The EDR kernel assigns drive letters in an order that is independant of the ACTIVE (bootable) flag on partitions. This means that it is possible to install SvarDOS on a drive that is not C:.

Install should support that, and preset pkg paths accordingly.

@mateuszviste mateuszviste added the install The SvarDOS installer label Jul 30, 2024
@boeckmann
Copy link
Collaborator

FDISK got DR-DOS drive letter assignment support with commit 1c9271f

@mateuszviste
Copy link
Collaborator Author

SvarDOS/edrdos#94 makes this feature more challenging than expected. Currently the installer can't assume the system drive after boot will be C:, but it also can't assume the drive letters won't change if there is more than one disk.

@mateuszviste
Copy link
Collaborator Author

a possible solution would be for the installer to have two "stages". First stage would be about SYSing the destination drive, copying all SVP packages to it and rebooting. Second stage would be booting from the destination drive and running install.exe again just to detect the definitive bootdrive letter and generate all configurations accordingly (and then installing all SVP packages).

@mateuszviste
Copy link
Collaborator Author

Current bleeding edge is able to list available drives (C,D,E or F) and install on any of them. It's functional, but still needs some polish:

  • drive selection screen needs to have more human words
  • NLS (keyb & mode) directives in final autoexec.bat are malformed

Also, I'm not sure if FDISK /MBR is necessary after a successful SYS (maybe SYS is already putting proper bootcode in the MBR? to be checked).

Installation from a USB drive is likely broken, needs to be checked. I have never tested it with EDR-DOS, so maybe it won't even boot.

@boeckmann
Copy link
Collaborator

Also, I'm not sure if FDISK /MBR is necessary after a successful SYS (maybe SYS is already putting proper bootcode in the MBR? to be checked).

To my knowledge, SYS never touches the MBR but only the volume boot record. So this is probably needed unless the MBR already contains proper code.

@mateuszviste
Copy link
Collaborator Author

To my knowledge, SYS never touches the MBR but only the volume boot record.
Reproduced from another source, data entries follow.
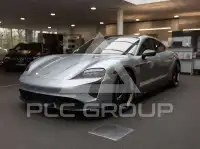 2020 Porsche Taycan
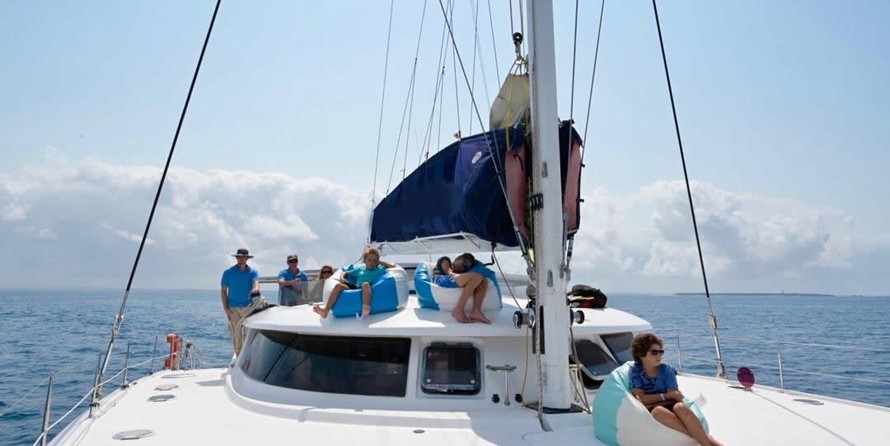 Fountaine Pajot Eleuthera 60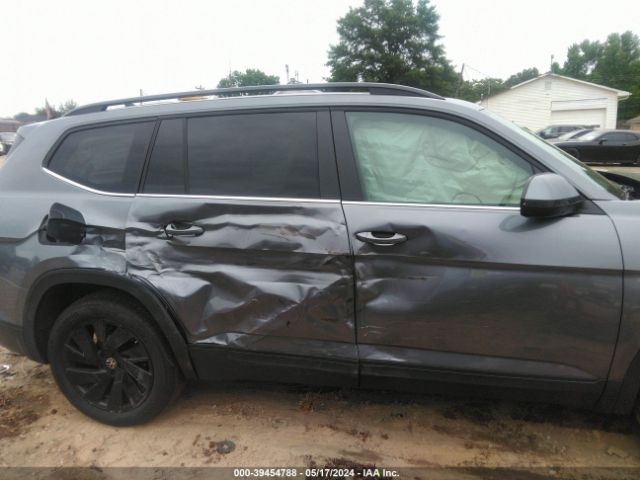 1V2JR2CA9RC514739 Volkswagen Atlas 2.0t Se W/technology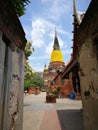 A beautiful Thailand temples, pagodas and Buddha statute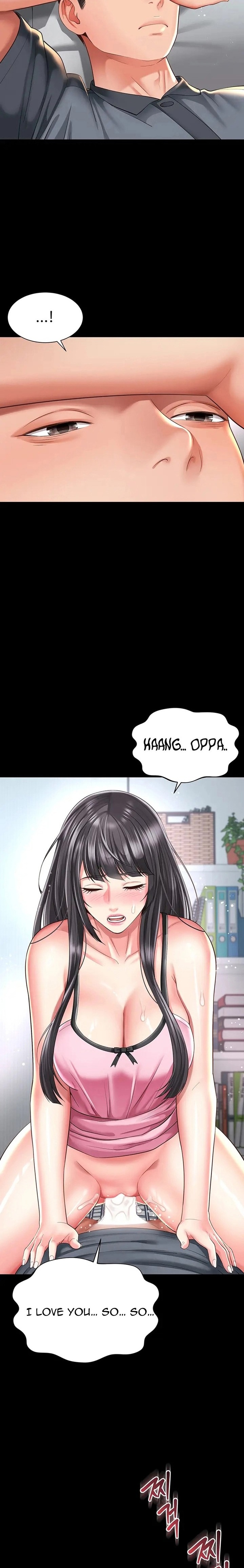 18+ Mother and Daughter’s Home Chapter 41 page 26
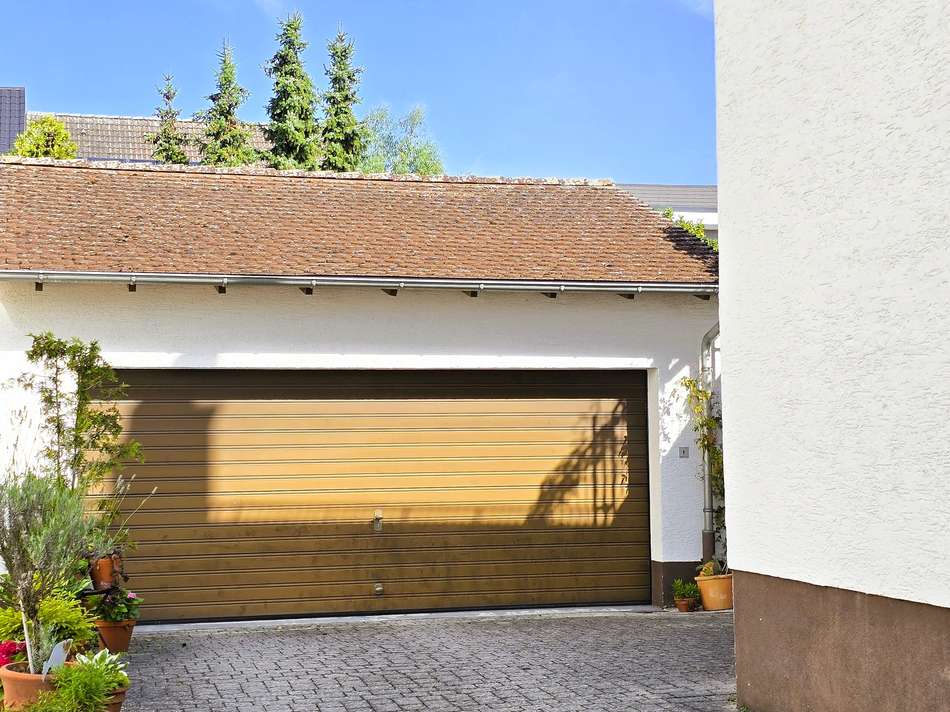 Doppelgarage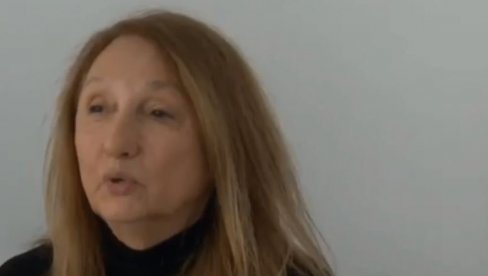 И ОВА БЛОКАДЕРКА ТРАЖИ ДА ВУЧИЋ ПРИЗНА ДА СУ СРБИ ГЕНОЦИДНИ: Изјаве опозиционе професорке главна вест исламистичке Ал Џазире (ВИДЕО)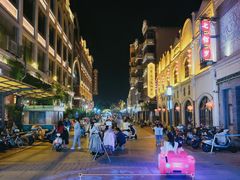 -民主路老街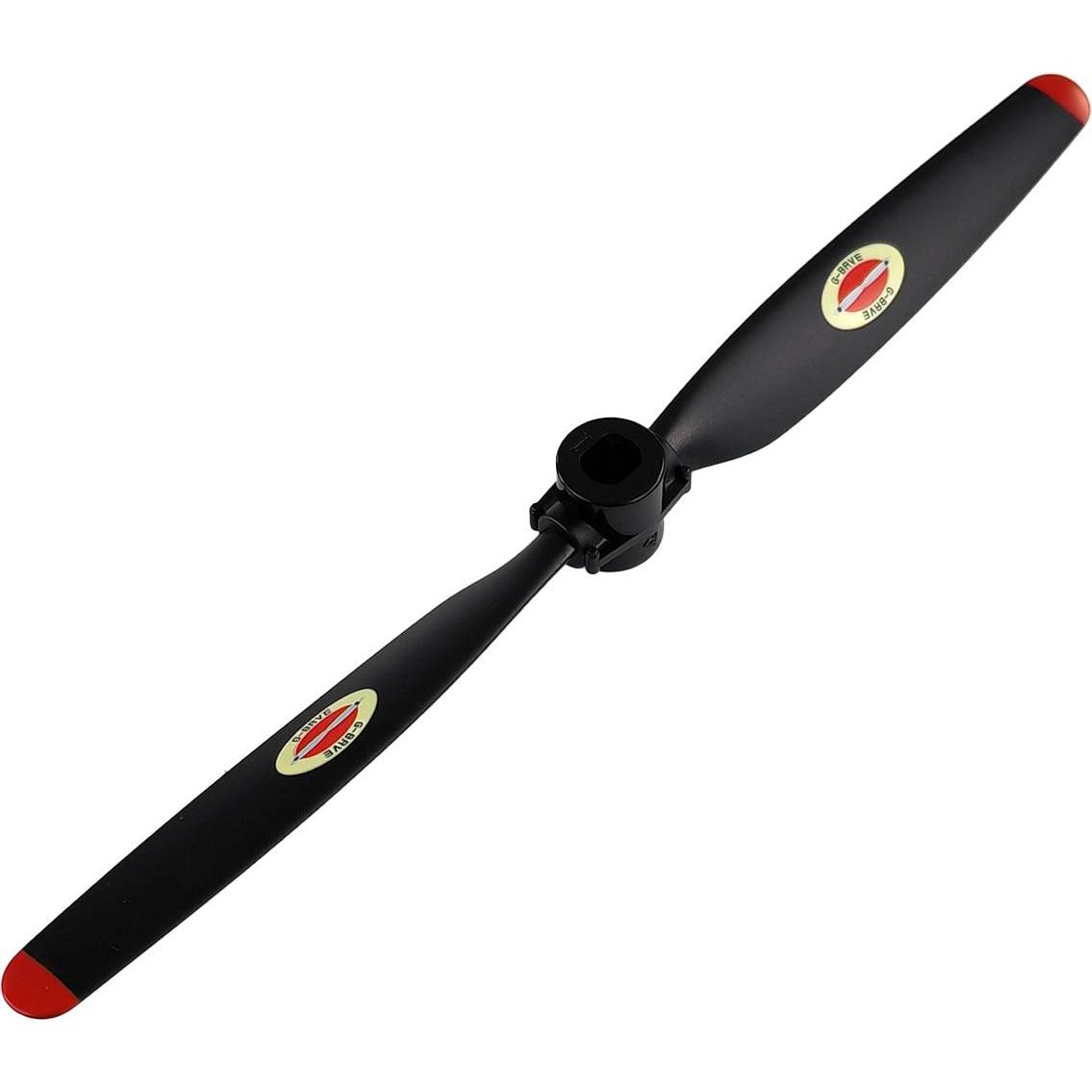 Amewi Propeller Beech D17S rot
Cool. So SYS + FDISK it is.

This makes me think about another issue with the new installer: it displays the list of DOS non-removable drives it detects, but it does not know anything else about the drives. If the user chooses a drive that belongs to the secondary HDD, the installer will still execute FDISK/MBR on the primary HDD, which is most probably not what we want. Also, I'm not sure the system boots if the user chooses a drive letter that is a logical partition. Plus the problem of a possibly missing ACTIVE flag that roflo0r described in #71.

@boeckmann
Copy link
Collaborator

This makes me think about another issue with the new installer: it displays the list of DOS non-removable drives it detects, but it does not know anything else about the drives. If the user chooses a drive that belongs to the secondary HDD, the installer will still execute FDISK/MBR on the primary HDD, which is most probably not what we want. Also, I'm not sure the system boots if the user chooses a drive letter that is a logical partition. Plus the problem of a possibly missing ACTIVE flag that roflo0r described in #71.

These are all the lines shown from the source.